Albert Woodfox, the only member of the so-called Angola 3 still incarcerated, was convicted of the 1972 murder of a young prison guard named Brent Miller. Woodfox was found guilty along with fellow inmate Herman Wallace.
Wallace's conviction was overturned last year as his health was failing. He was released from prison last October and died a few days later. (The third member of the group was not connected to the Miller case but was held in isolation while in prison.)
In Woodfox's case, a three-judge panel of the Fifth Circuit Court of Appeals ruled unanimously Thursday that the lower courts were right when they found racial discrimination in the selection of the grand jury foreperson during his second trial in 1998.
Woodfox, 67, is believed to be the longest-serving inmate held in isolation in a U.S. prison.

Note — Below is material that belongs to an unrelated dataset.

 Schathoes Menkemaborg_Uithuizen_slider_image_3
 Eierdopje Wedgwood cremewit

"When I first heard there were two individuals in solitary confinement for that long, I thought, Not in America," Woodfox' attorney George Kendall told NPR. "When I first went to meet them I thought they would be lying on the floor like basket cases. It's taken every ounce of strength for them to not be broken by this thing. And now there's only [Woodfox.]"

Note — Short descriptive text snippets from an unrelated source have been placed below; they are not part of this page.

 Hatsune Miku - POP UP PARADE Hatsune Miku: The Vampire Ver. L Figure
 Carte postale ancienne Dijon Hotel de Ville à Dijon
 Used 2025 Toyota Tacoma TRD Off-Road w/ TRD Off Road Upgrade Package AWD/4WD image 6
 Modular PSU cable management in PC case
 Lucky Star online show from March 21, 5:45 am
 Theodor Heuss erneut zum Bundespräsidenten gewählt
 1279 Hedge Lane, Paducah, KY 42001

But in addition to the decades in solitary, the murder itself — as well as the subsequent investigation — have cast long shadows over one of the most notorious prisons in America, Louisiana State Penitentiary, or Angola.
A 2008 NPR investigation of the murder raised serious issues about that investigation, including favors and inconsistencies that tainted the state's main witness, its original grand jury and its prison staff, while another inmate emerged as the possible killer in what was then a violent, racially segregated prison.

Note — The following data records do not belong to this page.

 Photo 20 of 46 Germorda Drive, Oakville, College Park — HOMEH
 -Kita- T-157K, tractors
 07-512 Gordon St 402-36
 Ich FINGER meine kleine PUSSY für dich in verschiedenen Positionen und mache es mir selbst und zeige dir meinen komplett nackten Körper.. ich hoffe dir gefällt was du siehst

Still, the state Attorney General Buddy Caldwell said at the time that he was convinced Woodfox and Wallace were guilty and that he would fight to keep them in prison.
The state can appeal the latest ruling in Woodfox's case to the U.S. Supreme Court or ask the full panel of appellate judges to review Thursday's decision. If it doesn't appeal, the state will have to re-try Woodfox for the 42-year-old murder or set him free.
Attorney general spokeswoman Laura Gerdes told NPR that Caldwell is reviewing the decision and considering how to proceed.
Update at 6:31 p.m. ET: 'This Decision In No Way Exonerates' Woodfox
Caldwell issued the following statement:
"While we are still reviewing the 5th Circuit's opinion to determine the appropriate action, the important thing to note is that this decision in no way exonerates Albert Woodfox in the brutal 1972 murder of Angola Correctional Officer Brent Miller.
"The Appeals Court decision focused on a technicality with the grand jury selection process from as far back as 30 years ago. No court decision, including this one, has ever made a finding which disputes the fact that Albert Woodfox murdered Brent Miller at Angola in 1972. Those facts will always remain true.
"We respectfully disagree with the Court's ruling, and remain committed to seeing that the trial jury's judgment finding Albert Woodfox guilty of murdering Officer Brent Miller is upheld."